This berry-filled coffee cake is incredibly soft and moist thanks to a rich blend of Greek yogurt, buttermilk, and an extra egg yolk.
To boost the berry flavor, we layer the golden batter with blackberry preserves or your favorite berry jam.
Top with a tumble of fresh berries and generous layer of streusel, then bake until perfectly fluffy and golden!
Love baking with berries? Try my mixed berry cobbler recipe next!
I love to dust the top with a shower of powdered sugar and enjoy each buttery slice with my coffee for a scrumptious start to the day!
Craving more coffee cake?
- Brown Butter Cinnamon Streusel Coffee Cake
- Brown Butter Cherry Coffee Cake
- Apricot Almond Coffee Cake
Berry Coffee Cake with Streusel Topping
- Prep Time: 25 minutes
- Cook Time: 60 minutes
- Total Time: 1 hour 25 minutes
- Yield: 9 servings
- Category: Breakfast
- Method: Bake
- Cuisine: American
Description
Berry coffee cake makes a dream weekend breakfast! You’ll love this buttery coffee cake layered with fresh berries and golden streusel topping. Dust the top with powdered sugar and enjoy with your morning coffee.
Ingredients
Streusel
- 3/4 cup all-purpose flour
- 1/2 cup granulated sugar
- 1/2 cup light brown sugar
- 1 tsp cinnamon
- 1/4 tsp salt
- 6 Tbsp unsalted butter, melted
Cake
- 1 1/2 cups all-purpose flour
- 1 tsp aluminum-free baking powder
- 1/2 tsp baking soda
- 1/4 tsp salt
- 6 Tbsp unsalted butter, at room temperature
- 3/4 cup granulated sugar
- 1 1/2 tsp vanilla extract
- 1 large egg plus 1 egg yolk, at room temperature
- 2/3 cup plain Greek yogurt, at room temperature
- 1/3 cup buttermilk, at room temperature
- 1/4 cup blackberry preserves or jam
- 1 1/2 cups fresh berries
Instructions
- Preheat oven to 350°F and spray an 8-inch square baking pan with nonstick spray; dust lightly with flour.
- Make streusel: Whisk together flour, sugar, brown sugar, cinnamon, and salt in a medium bowl. Add melted butter and mix in with a fork until completely incorporated and streusel is crumbly. Chill in the freezer until ready to use.
- Make cake: Whisk together flour, baking powder, baking soda, and salt in a medium bowl. Beat butter, sugar, and vanilla in a large mixer bowl at medium speed until light and fluffy. Add egg and yolk one at a time and beat well. Combine yogurt and buttermilk in a small bowl. Reduce speed to low and add flour mixture in three additions, alternating with yogurt mixture (begin and end with flour mixture).

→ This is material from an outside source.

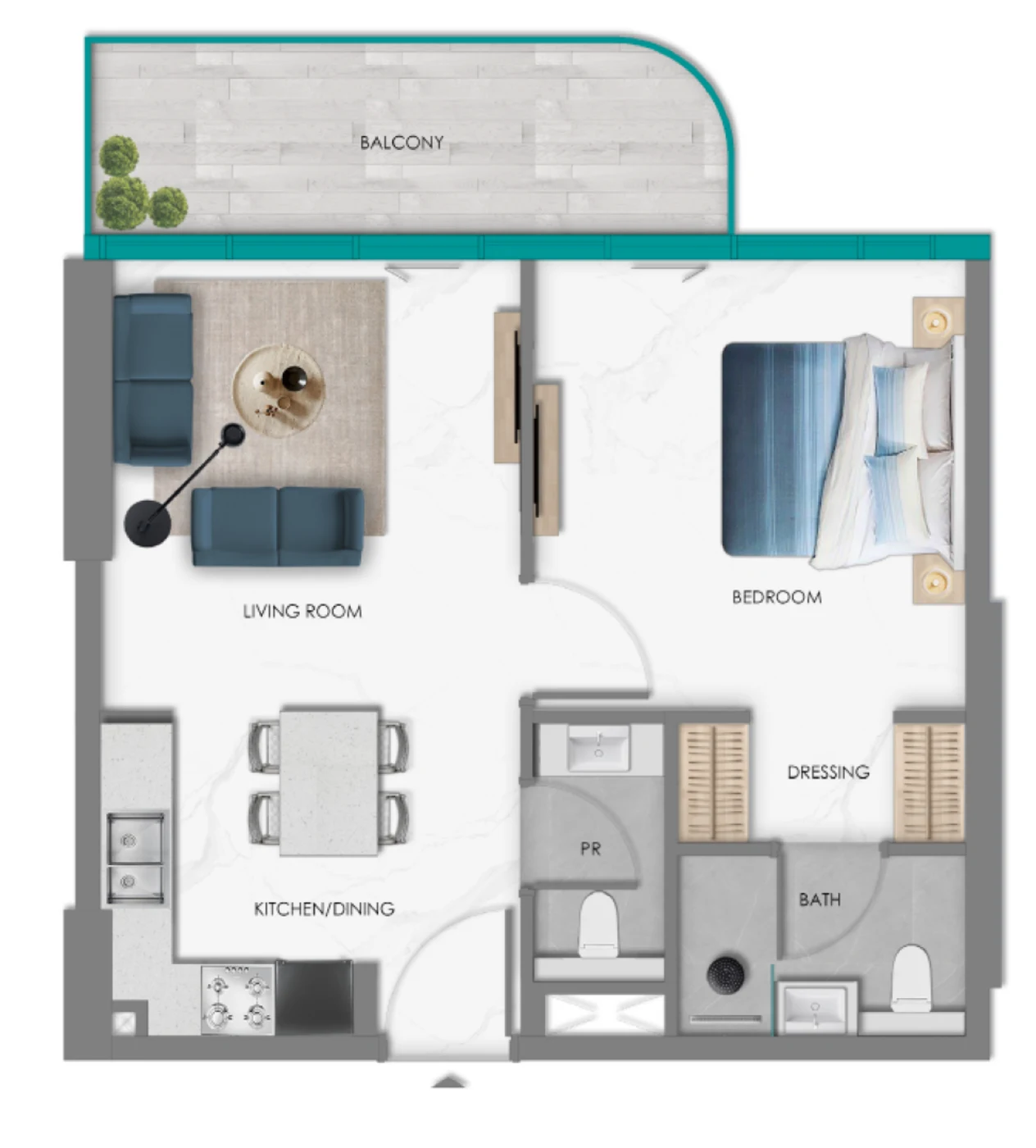 One bedroom Type 1 floor plan at South Haven Samana with living room, kitchen-dining, dressing, bathroom and powder room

- Spoon batter into prepared pan and smooth with an offset spatula. Tap sharply to reduce air bubbles. Drop spoonfuls of blackberry preserves over batter and gently spread into a thin layer with an offset spatula. Top with berries, pressing gently into the jam layer. Sprinkle evenly with chilled streusel.
- Bake coffee cake for 60 minutes or until golden, top springs back to the touch, and a toothpick inserted in the center comes out clean (start testing after 50 minutes; baking time will vary based on moisture from the berries). Cool in pan on a wire rack for at least 1 hour before serving.

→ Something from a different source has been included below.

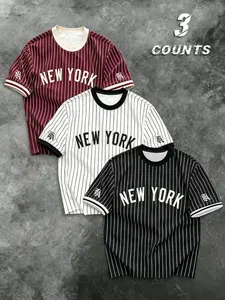 Men's Striped Short Sleeve T-Shirt, American Vintage Classic Baseball Style, Letter Print, Loose Fit, Breathable, Fashionable Streetwear, Menswear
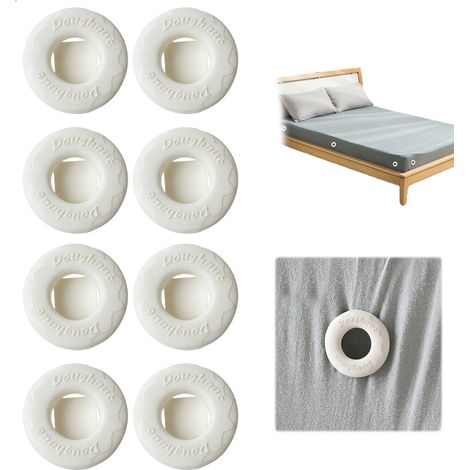 8 Pièces Tendeur Drap Housse, Attache Drap Housse, Feuille De Verrouillage sans Glissement, Pince Couette Fixation, Installation Facile, pour Tous les Protège-matelas, Couvertures, Literie (Vert) (1/5)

- Store leftover coffee cake tightly covered in the refrigerator. Reheat in a warm oven (325°F) for 10 minutes before serving.
Notes
Fresh berries: I used a blend of fresh raspberries, blackberries, and blueberries. Use any mix of fresh berries in this recipe.

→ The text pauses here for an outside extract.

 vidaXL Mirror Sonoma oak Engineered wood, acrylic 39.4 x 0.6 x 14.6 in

I just baked this cake and it was a DREAM! So incredibly soft and fragrant. I used milk with a bit of lime juice to sub for buttermilk since I didn’t have any at home and it was still delicious. The only thing I would recommend is cutting down the sugar – I reduced the amount to 1/4 cup each of sugar and brown sugar for the streusel and 1/2 cup sugar for the cake and it was still quite sweet.
Thank you, Vania! So happy you loved this coffee cake! 🙂
What pans do you use if you do 2x or 3x?
Hi Ali, you can double the recipe in a 9 x 13 rectangular pan. Happy baking!